> **Dataset**
☆ ☆ ☆ ☆ ☆
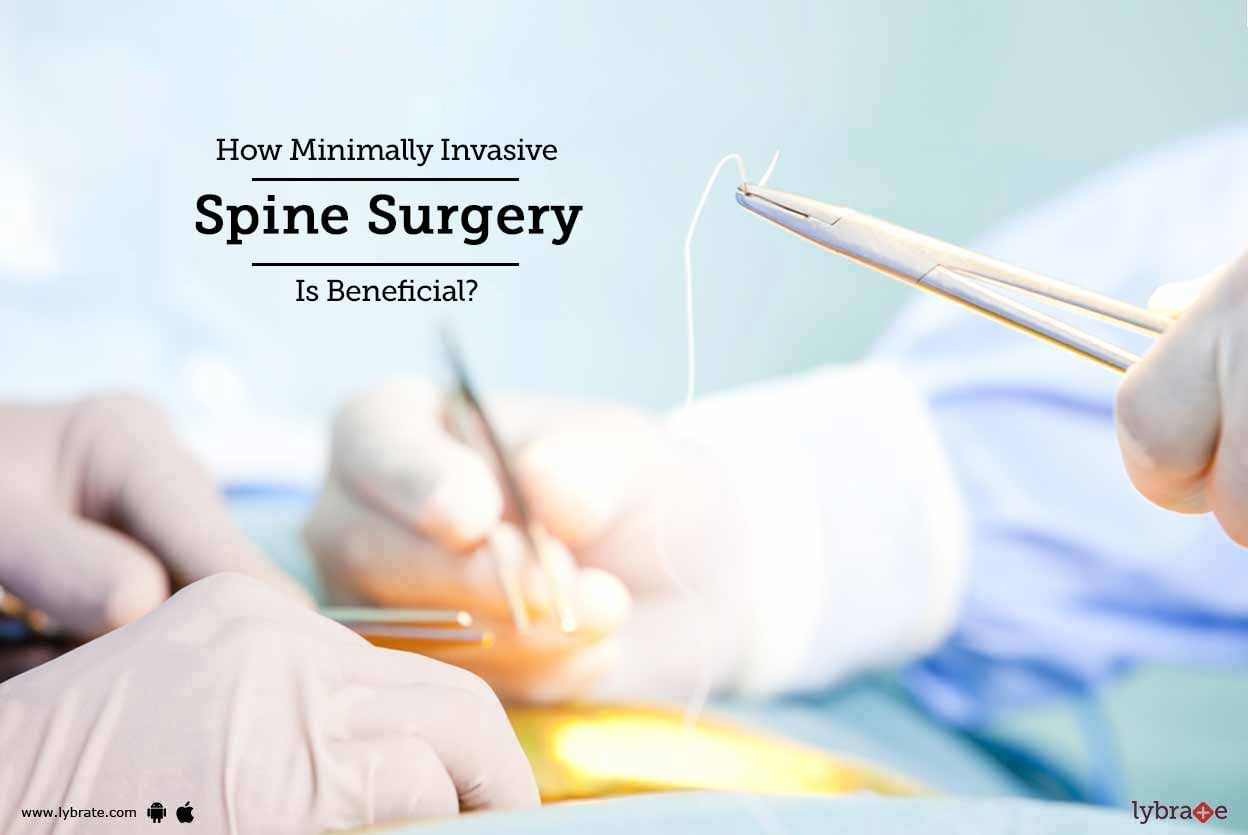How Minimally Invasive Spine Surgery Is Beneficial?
☆ ☆ ☆ ☆ ☆
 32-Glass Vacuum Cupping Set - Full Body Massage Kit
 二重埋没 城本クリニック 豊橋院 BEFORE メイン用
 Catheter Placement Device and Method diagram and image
☆ ☆ ☆ ☆ ☆
Write out exactly the lines above between the line with "32-Glass Vacuum Cupping" and the line with "Catheter Placement Device", inclusive, and nothing beyond them.

> **Solution for this exercise**
 32-Glass Vacuum Cupping Set - Full Body Massage Kit
 二重埋没 城本クリニック 豊橋院 BEFORE メイン用
 Catheter Placement Device and Method diagram and image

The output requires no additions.